Exercise instructions: If a picture appears in the records, leave it out and transcribe the rest exactly.

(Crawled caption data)
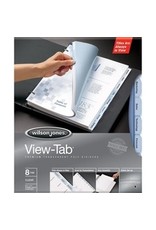 INDEX VIEW TAB DIVIDER*CR*8TAB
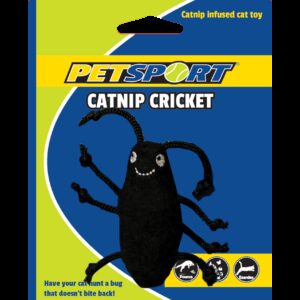 Catnip Cricket Black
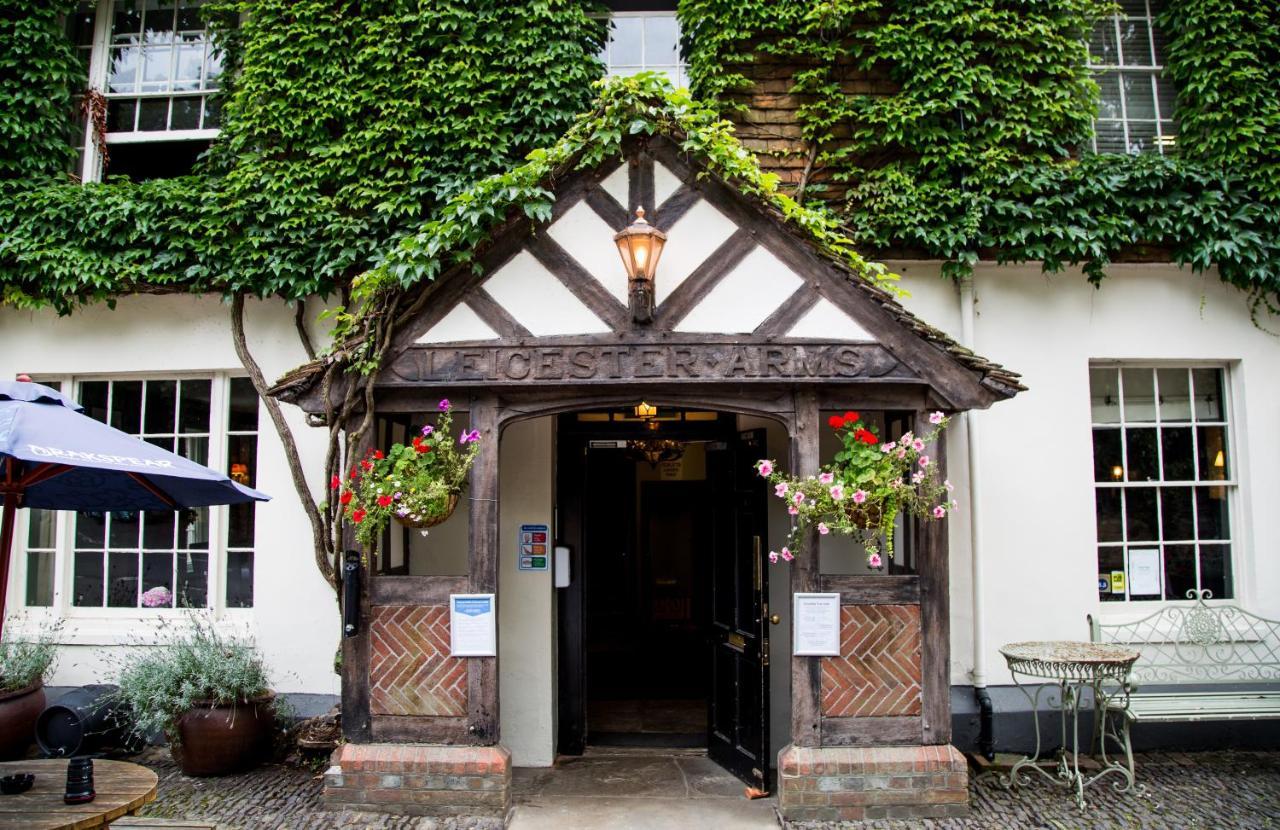 The Leicester Arms Penshurst Exteriér fotografie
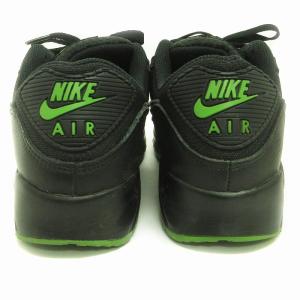 NIKE DQ4071-005 AIR MAX 90 スニーカー レザー スウェード 27cm ブラック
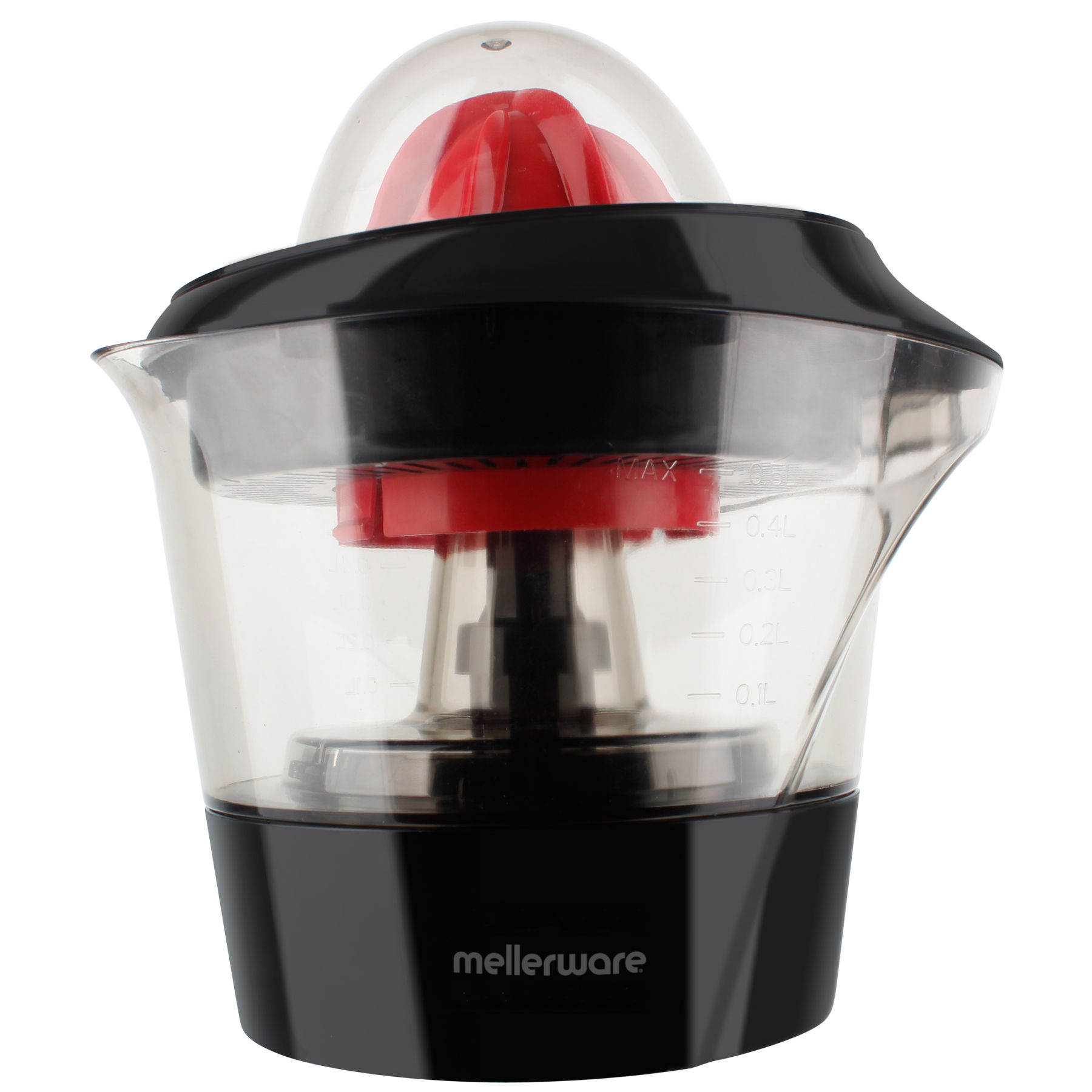 Mellerware Citrus Juicer Plastic Black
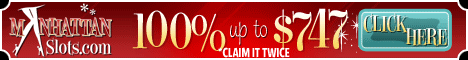 Win at Manhattan Slots Casino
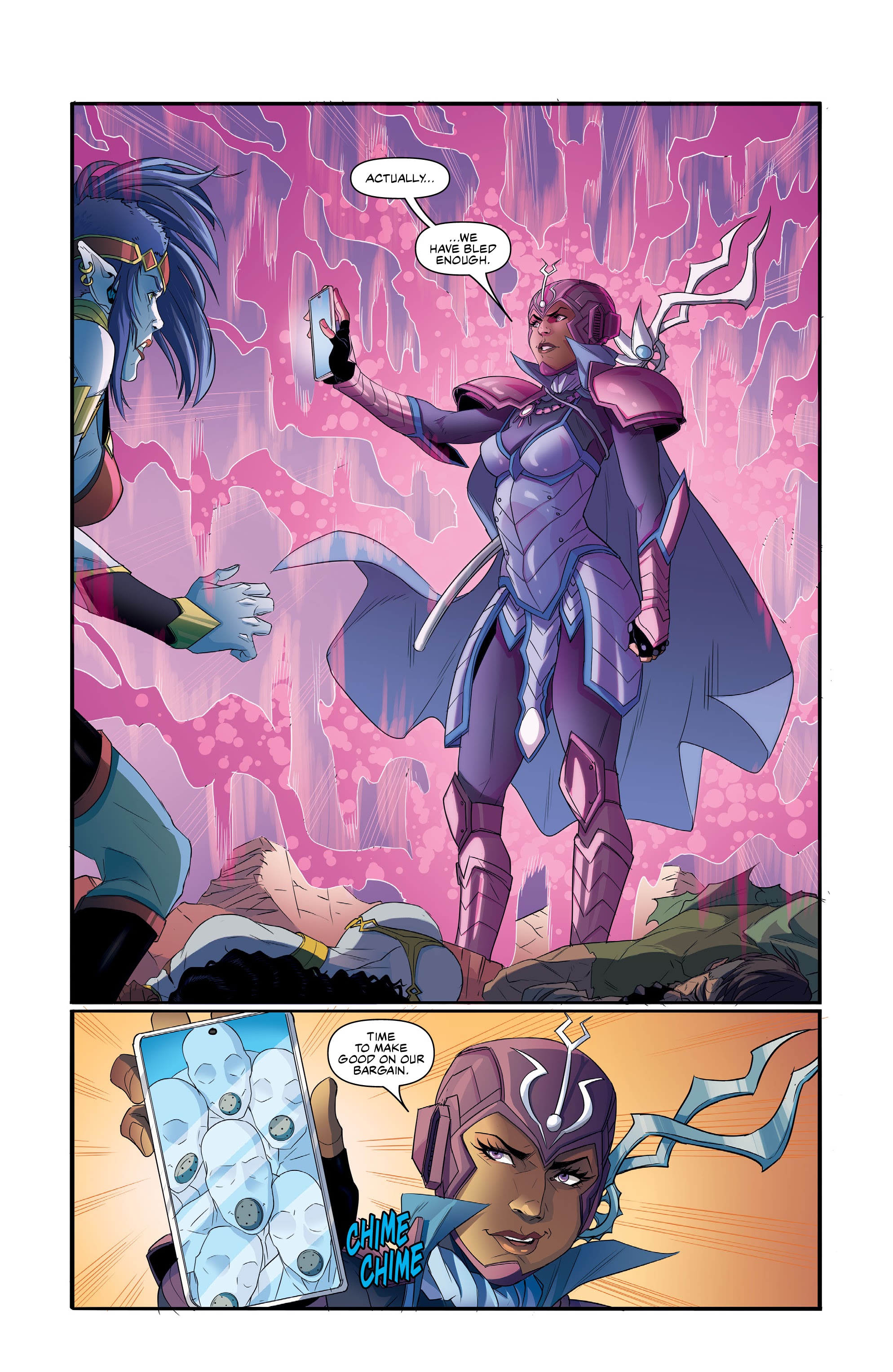 Read online Commanders In Crisis comic -  Issue #10 - 9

Answer to the problem:
 INDEX VIEW TAB DIVIDER*CR*8TAB
 Catnip Cricket Black
 The Leicester Arms Penshurst Exteriér fotografie
 NIKE DQ4071-005 AIR MAX 90 スニーカー レザー スウェード 27cm ブラック
 Mellerware Citrus Juicer Plastic Black
 Win at Manhattan Slots Casino
 Read online Commanders In Crisis comic -  Issue #10 - 9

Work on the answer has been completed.